[UWAGA] Pijany kierowca zostawił dziecko w samochodzie i uciekł
Funkcjonariusze zatrzymali kierowcę, który kierując autem miał ponad 2 promile alkoholu w organizmie i doprowadził do kolizji. Na kolanach wiózł swojego 2-letniego wnuka.
Wczoraj (25 listopada) około godz. 15:30 dyżurny toruńskiej komendy otrzymał informację o kolizji na ulicy Makowej w Toruniu. Osobowa toyota avensis uderzyła bokiem w zaparkowane renault.

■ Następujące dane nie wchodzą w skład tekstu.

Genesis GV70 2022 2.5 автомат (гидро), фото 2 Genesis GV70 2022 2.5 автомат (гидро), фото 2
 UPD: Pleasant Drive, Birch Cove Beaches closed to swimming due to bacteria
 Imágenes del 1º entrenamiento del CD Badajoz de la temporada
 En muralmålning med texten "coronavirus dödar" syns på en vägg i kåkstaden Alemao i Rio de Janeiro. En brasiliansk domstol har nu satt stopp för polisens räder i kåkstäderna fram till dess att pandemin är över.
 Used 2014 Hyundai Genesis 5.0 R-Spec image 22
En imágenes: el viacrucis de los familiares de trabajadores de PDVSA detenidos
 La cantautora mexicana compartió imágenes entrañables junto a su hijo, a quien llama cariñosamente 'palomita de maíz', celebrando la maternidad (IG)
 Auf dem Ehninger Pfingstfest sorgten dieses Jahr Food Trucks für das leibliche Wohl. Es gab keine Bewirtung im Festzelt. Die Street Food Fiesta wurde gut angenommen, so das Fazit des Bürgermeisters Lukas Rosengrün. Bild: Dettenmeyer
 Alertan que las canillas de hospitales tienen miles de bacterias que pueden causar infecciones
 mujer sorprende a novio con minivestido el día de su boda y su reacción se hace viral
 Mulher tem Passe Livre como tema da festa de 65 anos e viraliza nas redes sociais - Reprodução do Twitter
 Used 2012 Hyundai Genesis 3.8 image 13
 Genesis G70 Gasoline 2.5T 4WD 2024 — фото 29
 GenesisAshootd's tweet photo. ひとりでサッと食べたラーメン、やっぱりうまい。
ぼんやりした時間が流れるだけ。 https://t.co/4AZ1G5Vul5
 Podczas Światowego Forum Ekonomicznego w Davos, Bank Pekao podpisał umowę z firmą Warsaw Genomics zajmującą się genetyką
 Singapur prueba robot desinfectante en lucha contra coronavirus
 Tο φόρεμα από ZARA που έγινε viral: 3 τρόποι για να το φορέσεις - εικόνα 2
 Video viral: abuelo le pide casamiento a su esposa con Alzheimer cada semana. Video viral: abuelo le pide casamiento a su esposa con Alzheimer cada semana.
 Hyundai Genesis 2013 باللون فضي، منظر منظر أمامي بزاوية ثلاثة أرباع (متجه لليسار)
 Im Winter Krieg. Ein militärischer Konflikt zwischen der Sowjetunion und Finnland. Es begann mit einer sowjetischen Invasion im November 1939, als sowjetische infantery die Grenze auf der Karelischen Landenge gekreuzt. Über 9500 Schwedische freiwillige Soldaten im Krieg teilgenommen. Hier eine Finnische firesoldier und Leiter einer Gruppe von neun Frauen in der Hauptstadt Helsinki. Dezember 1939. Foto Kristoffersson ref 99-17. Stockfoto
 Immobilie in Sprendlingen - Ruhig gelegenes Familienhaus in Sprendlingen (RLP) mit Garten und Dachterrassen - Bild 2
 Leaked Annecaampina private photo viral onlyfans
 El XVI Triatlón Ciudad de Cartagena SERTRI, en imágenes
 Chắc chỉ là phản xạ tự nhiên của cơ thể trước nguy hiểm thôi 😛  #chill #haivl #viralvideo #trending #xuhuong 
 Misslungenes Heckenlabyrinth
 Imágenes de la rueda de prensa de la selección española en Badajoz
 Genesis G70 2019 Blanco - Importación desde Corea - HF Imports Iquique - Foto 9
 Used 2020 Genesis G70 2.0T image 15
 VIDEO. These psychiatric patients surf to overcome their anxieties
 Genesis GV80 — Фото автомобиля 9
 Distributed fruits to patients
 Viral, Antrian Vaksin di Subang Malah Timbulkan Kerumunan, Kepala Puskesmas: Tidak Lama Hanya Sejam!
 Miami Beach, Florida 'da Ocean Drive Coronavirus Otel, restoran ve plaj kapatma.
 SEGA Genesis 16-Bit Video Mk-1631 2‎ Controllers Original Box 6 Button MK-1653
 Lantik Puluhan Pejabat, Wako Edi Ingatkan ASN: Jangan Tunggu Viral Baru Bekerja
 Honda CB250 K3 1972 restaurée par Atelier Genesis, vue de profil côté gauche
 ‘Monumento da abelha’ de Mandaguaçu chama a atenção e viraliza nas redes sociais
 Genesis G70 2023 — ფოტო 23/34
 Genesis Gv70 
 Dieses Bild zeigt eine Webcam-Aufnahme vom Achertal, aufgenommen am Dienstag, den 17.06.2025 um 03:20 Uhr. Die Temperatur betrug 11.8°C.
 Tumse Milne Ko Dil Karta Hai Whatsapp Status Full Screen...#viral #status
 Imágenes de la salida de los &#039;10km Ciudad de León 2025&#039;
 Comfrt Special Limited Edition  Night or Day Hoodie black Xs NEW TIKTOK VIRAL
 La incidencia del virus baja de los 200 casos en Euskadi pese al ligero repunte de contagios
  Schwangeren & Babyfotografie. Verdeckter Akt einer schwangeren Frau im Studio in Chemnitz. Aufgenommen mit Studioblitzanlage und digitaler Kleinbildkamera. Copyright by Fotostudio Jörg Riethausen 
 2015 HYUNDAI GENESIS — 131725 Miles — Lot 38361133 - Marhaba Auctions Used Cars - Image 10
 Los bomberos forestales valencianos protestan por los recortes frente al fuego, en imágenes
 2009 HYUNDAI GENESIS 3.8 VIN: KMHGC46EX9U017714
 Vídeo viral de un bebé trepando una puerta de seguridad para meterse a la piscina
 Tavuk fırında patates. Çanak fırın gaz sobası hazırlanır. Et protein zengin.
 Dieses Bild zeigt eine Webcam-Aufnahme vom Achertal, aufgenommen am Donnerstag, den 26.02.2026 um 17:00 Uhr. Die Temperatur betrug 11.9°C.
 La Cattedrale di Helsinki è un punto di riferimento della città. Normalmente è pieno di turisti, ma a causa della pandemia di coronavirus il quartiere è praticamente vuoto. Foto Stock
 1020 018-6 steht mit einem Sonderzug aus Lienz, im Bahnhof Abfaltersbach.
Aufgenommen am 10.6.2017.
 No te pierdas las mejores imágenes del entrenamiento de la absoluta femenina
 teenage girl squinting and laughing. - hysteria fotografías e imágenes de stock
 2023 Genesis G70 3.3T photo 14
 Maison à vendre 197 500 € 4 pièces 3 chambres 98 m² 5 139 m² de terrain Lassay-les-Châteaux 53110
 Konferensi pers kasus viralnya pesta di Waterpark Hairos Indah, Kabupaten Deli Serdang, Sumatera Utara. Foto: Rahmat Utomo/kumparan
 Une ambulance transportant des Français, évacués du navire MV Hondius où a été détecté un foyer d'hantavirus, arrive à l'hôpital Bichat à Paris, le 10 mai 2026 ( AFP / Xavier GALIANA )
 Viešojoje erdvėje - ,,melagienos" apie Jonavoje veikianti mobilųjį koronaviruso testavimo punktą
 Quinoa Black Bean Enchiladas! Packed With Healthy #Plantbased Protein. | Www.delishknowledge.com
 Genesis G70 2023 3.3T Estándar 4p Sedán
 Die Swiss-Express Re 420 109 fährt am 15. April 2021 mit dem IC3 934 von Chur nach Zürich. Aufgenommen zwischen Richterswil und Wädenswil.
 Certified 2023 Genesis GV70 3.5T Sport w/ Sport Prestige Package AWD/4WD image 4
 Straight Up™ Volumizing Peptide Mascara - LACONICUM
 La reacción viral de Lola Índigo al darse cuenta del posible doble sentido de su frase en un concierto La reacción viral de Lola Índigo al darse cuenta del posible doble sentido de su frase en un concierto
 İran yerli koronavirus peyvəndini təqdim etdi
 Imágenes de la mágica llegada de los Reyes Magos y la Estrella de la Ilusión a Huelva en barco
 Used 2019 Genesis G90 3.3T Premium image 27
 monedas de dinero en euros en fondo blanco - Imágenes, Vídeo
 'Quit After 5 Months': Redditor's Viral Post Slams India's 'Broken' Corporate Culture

– Świadkowie widzieli, że kierujący na kolanach trzymał dziecko. Przechodnie wyczuli od mężczyzny alkohol, więc wyciągnęli kluczyki ze stacyjki toyoty, żeby uniemożliwić mu dalszą jazdę – informuje mł. asp. Wojciech Chrostowski z KMP Toruń.
Mężczyzna zostawił dziecko w aucie i uciekł. Na miejscu pojawili się policjanci, którzy zaopiekowali się chłopcem, a następnie dziecko przejęła matka, która po chwili przybyła na miejsce zdarzenia. Dziecku nic się nie stało.
– Chłopiec, którego wiózł nieodpowiedzialny szofer był jego wnukiem. Mundurowi od razu rozpoczęli poszukiwania kierowcy. Okazało się, że 52-latek uciekł do domu, który znajdował się kilkaset metrów od miejsca zdarzenia – dodaje Chrostowski.
Kierowca miał ponad 2 promile alkoholu w organizmie. Nie był wcześniej karany i posiadał prawo jazdy. Sprawca kolizji usłyszy wkrótce zarzuty kierowania pojazdem w stanie nietrzeźwości oraz narażenia dziecka na bezpośrednie niebezpieczeństwo utraty życia lub zdrowia.
52-latkowi grozi do 5 lat więzienia.